For the complete API surface, see the Chat API, ChatManager API, and Chat Providers API.
Minimal ChatManager Setup¶
from pywry import Div, HtmlContent, PyWry, Toolbar
from pywry.chat_manager import ChatManager
def handler(messages, ctx):
user_text = messages[-1]["text"]
return f"You said: {user_text}"
app = PyWry(title="Chat Demo")
chat = ChatManager(
handler=handler,
welcome_message="Welcome to **PyWry Chat**.",
system_prompt="You are a concise assistant.",
)
widget = app.show(
HtmlContent(html="<h1>Assistant</h1><p>Ask something in the chat panel.</p>"),
toolbars=[chat.toolbar(position="right")],
callbacks=chat.callbacks(),
)
chat.bind(widget)
app.block()
ChatManager expects three pieces to be connected together:
chat.toolbar()to render the chat panel.chat.callbacks()to wire thechat:*frontend events.chat.bind(widget)afterapp.show(...)so the manager can emit updates back to the active widget.
Handler Shapes¶
The handler passed to ChatManager is the core integration point. PyWry supports all of these forms:
- Sync function returning
str - Async function returning
str - Sync generator yielding
strchunks - Async generator yielding
strchunks - Sync or async generator yielding rich
ChatResponseobjects
One-shot response¶
Streaming response¶
import time
def handler(messages, ctx):
text = "Streaming responses work token by token in the chat UI."
for word in text.split():
if ctx.cancel_event.is_set():
return
yield word + " "
time.sleep(0.03)
Rich response objects¶
from pywry import StatusResponse, ThinkingResponse, TodoItem, TodoUpdateResponse
def handler(messages, ctx):
yield StatusResponse(text="Searching project files...")
yield TodoUpdateResponse(
items=[
TodoItem(id=1, title="Analyze request", status="completed"),
TodoItem(id=2, title="Generate answer", status="in-progress"),
]
)
yield ThinkingResponse(text="Comparing the available implementation paths...\n")

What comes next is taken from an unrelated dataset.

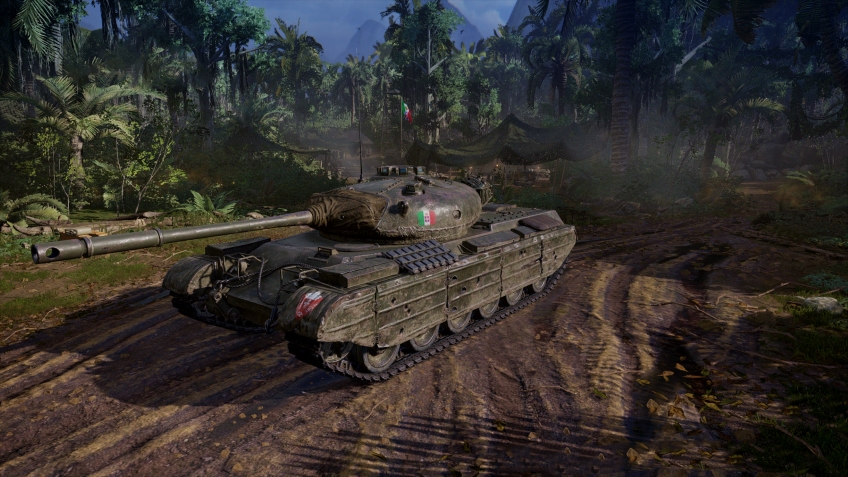 Скриншот из игры World of Tanks - 160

yield "Here is the final answer."
Conversation State¶
ChatManager handles thread state internally:
- Creates a default thread on startup
- Tracks active thread selection
- Supports thread create, switch, rename, and delete events
- Keeps message history per thread
- Exposes
active_thread_id,threads, andsettingsas read-only views
Use send_message() when you need to push a programmatic assistant message into the active thread or a specific thread.
Slash Commands¶
Slash commands appear in the command palette inside the chat input. Register custom commands with SlashCommandDef and optionally handle them through on_slash_command.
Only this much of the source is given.